* [Exercise]
Scan the lines below for the word "cabinets". Copy each line you find it in.
*** Data under study Section Begins ***
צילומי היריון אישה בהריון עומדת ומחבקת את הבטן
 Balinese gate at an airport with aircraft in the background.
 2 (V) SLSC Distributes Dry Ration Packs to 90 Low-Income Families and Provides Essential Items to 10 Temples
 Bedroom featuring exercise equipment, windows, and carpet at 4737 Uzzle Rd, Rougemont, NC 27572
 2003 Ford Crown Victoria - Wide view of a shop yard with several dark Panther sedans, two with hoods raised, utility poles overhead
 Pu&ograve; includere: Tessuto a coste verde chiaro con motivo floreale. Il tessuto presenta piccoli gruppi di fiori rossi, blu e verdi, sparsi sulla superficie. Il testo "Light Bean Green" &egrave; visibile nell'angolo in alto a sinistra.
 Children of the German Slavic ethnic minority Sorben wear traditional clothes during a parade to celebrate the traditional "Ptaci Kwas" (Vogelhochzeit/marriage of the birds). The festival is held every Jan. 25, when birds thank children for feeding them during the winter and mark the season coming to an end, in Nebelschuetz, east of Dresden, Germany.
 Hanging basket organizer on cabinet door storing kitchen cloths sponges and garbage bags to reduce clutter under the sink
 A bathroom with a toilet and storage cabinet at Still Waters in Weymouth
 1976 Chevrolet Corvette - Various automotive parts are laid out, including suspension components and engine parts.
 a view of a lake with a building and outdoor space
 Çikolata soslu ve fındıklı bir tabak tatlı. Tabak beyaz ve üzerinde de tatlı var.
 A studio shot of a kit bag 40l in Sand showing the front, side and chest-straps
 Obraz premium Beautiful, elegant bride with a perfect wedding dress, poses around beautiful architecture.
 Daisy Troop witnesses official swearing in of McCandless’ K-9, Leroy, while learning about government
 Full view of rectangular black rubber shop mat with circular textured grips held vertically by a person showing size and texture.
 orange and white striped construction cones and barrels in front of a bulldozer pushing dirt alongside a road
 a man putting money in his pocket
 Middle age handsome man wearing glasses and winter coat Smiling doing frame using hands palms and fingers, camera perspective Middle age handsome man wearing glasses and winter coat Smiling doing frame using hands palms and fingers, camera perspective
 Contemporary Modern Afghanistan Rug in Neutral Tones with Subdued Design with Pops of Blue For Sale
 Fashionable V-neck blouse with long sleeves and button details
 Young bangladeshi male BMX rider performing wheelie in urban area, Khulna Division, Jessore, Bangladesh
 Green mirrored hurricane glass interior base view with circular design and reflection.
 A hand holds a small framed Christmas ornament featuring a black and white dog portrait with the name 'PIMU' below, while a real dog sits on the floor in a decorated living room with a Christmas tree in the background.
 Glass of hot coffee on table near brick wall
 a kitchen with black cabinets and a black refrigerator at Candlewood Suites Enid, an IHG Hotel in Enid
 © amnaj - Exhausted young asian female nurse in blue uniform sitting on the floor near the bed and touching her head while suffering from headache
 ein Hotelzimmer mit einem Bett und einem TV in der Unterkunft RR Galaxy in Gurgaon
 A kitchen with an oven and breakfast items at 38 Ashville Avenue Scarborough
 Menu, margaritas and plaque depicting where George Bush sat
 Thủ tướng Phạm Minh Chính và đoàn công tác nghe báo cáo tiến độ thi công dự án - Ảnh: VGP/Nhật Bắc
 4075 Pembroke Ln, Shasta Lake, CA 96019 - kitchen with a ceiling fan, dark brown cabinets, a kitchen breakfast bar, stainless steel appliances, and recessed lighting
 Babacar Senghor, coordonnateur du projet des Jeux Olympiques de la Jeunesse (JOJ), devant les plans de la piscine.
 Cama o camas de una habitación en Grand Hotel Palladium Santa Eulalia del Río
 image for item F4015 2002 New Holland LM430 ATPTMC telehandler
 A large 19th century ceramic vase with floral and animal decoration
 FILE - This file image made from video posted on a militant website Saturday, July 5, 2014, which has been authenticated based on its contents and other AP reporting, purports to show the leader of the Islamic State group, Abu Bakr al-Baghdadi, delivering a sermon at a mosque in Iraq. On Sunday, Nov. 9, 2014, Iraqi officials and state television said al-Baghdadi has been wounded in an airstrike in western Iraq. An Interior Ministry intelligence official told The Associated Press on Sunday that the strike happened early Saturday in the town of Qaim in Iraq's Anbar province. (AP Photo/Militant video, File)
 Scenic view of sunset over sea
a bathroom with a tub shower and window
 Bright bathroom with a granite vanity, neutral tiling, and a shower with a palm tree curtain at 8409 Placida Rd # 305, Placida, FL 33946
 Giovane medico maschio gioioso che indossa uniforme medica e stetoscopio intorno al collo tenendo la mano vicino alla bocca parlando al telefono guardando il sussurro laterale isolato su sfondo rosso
*** Data under study Section Ends ***
* [Solution below]
 a kitchen with black cabinets and a black refrigerator at Candlewood Suites Enid, an IHG Hotel in Enid
 4075 Pembroke Ln, Shasta Lake, CA 96019 - kitchen with a ceiling fan, dark brown cabinets, a kitchen breakfast bar, stainless steel appliances, and recessed lighting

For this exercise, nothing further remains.